What you need to do
Copy the data that follows exactly as it is, excluding all pictures.

Material for this exercise
╭──

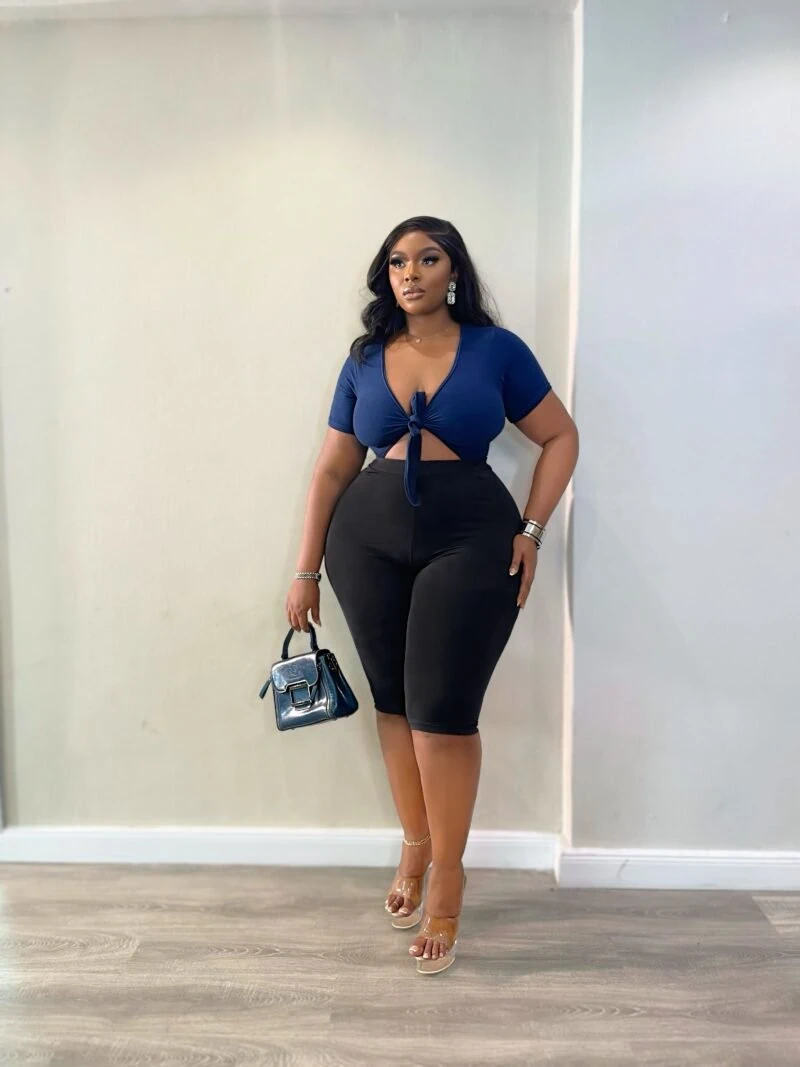 Deep blue grace midi jumpsuit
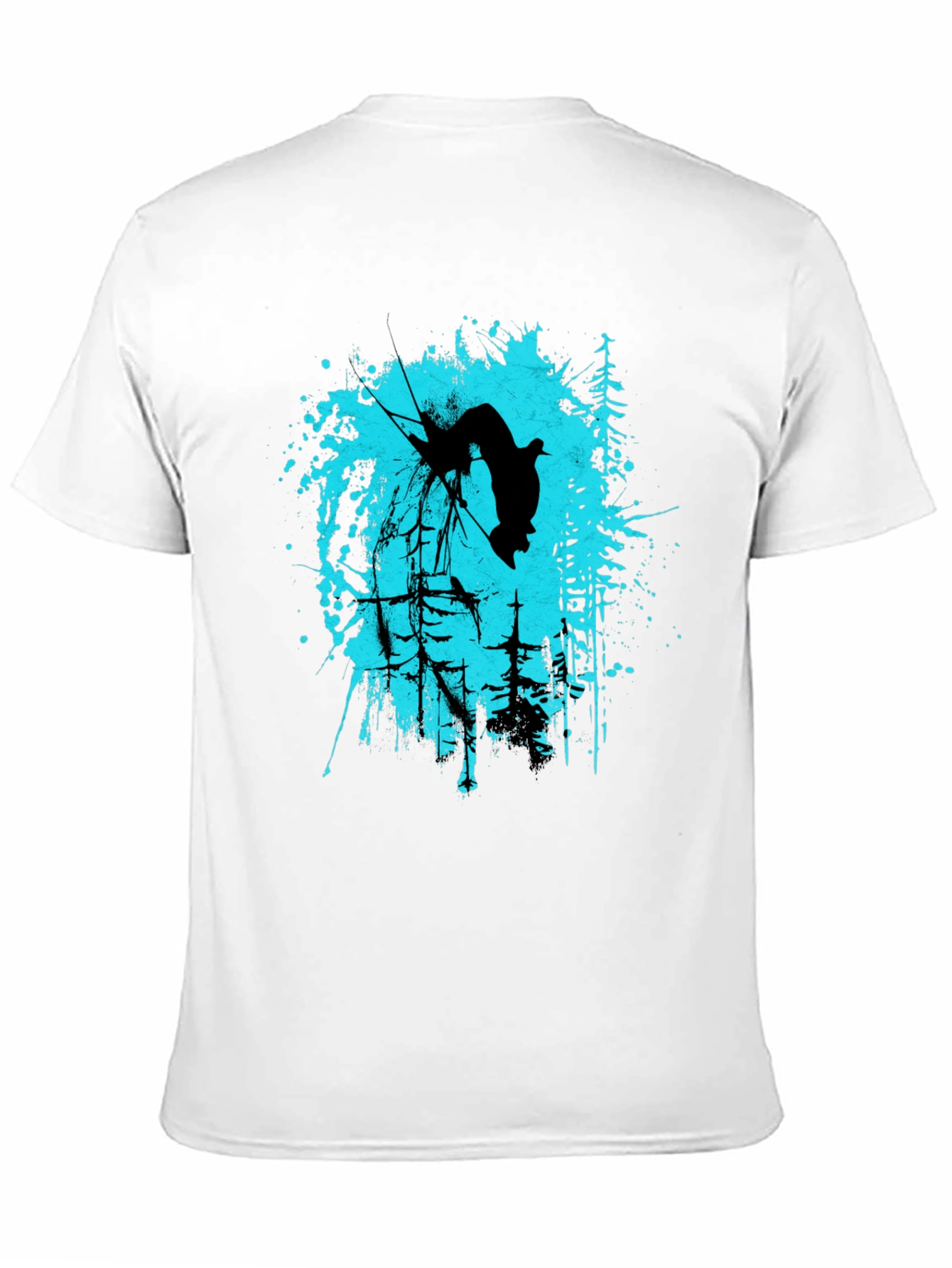 Black Black T-Shirt with Skier Graphic Design view 11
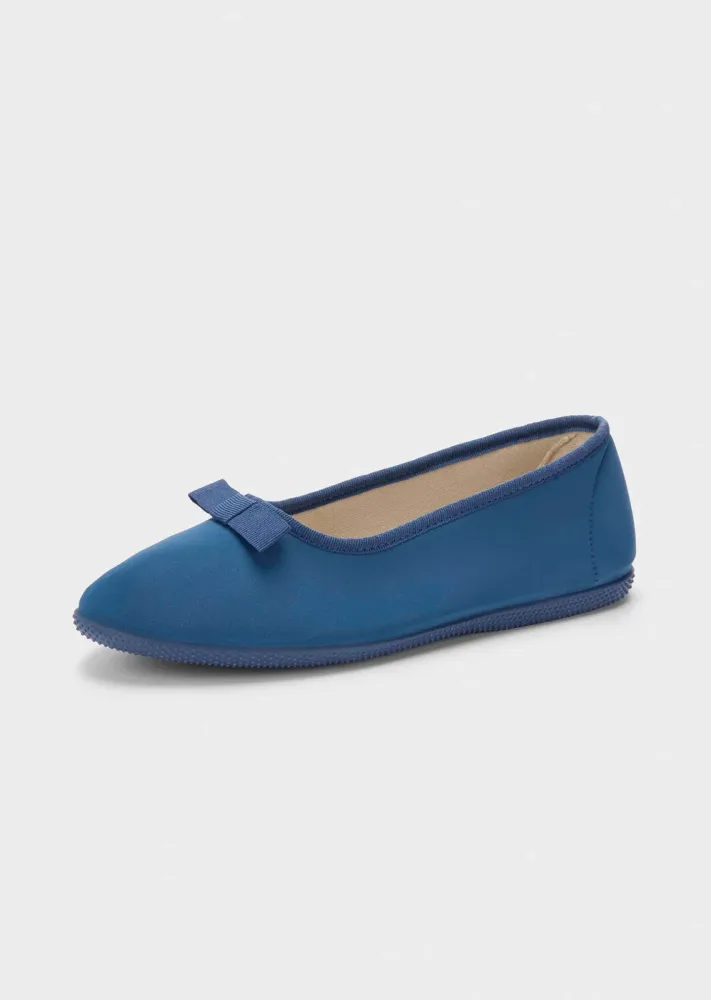 Ballerina-Hausschuhe mit Kautschuk-Sohle - blau - Gr. 38 von Goldner Fashion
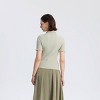 Women's Slim Fit Short Sleeve Mock Neck T-Shirt - A New Day™ Sage - 3 of 4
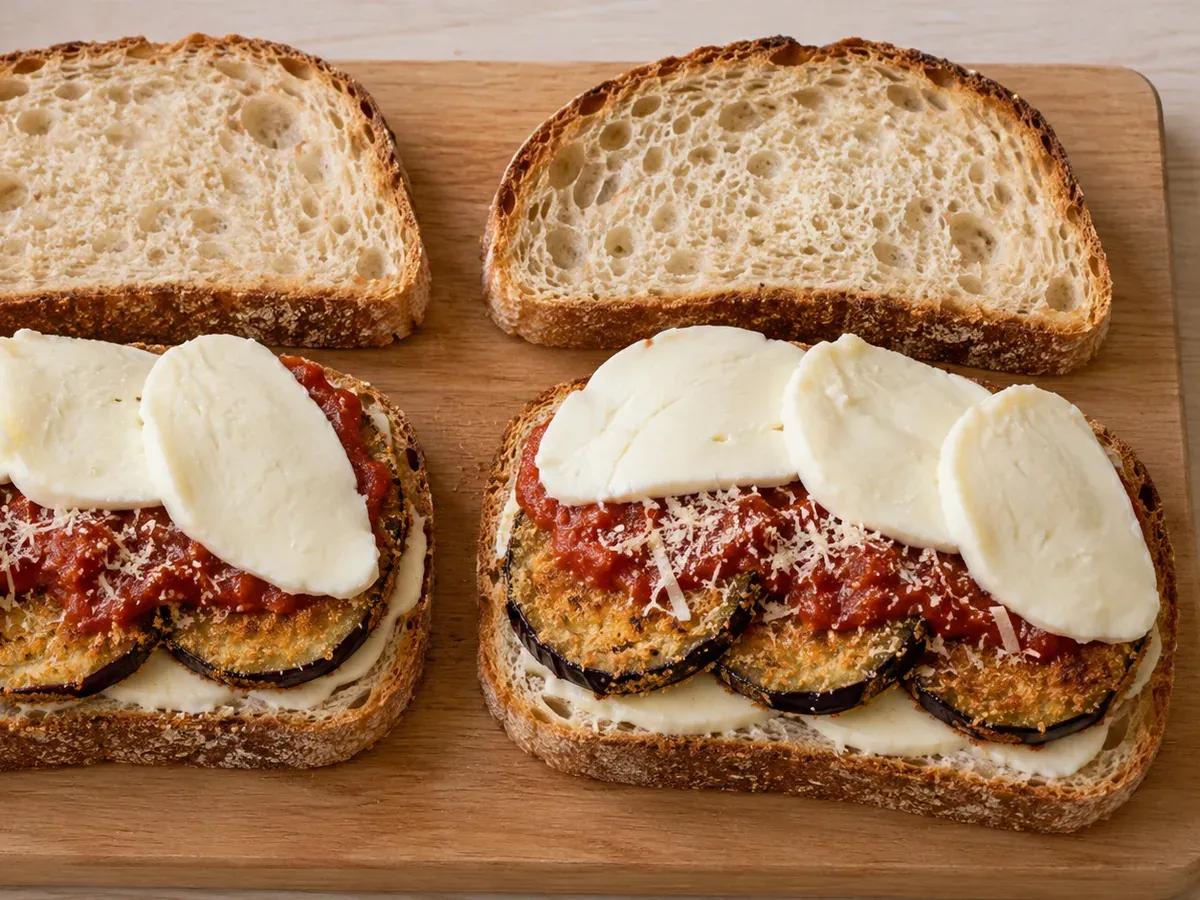 Warm the sauce and layer: Eggplant Parmesan Grilled Cheese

╰──

Your response
 Deep blue grace midi jumpsuit
 Black Black T-Shirt with Skier Graphic Design view 11
 Ballerina-Hausschuhe mit Kautschuk-Sohle - blau - Gr. 38 von Goldner Fashion
 Women's Slim Fit Short Sleeve Mock Neck T-Shirt - A New Day™ Sage - 3 of 4
 Warm the sauce and layer: Eggplant Parmesan Grilled Cheese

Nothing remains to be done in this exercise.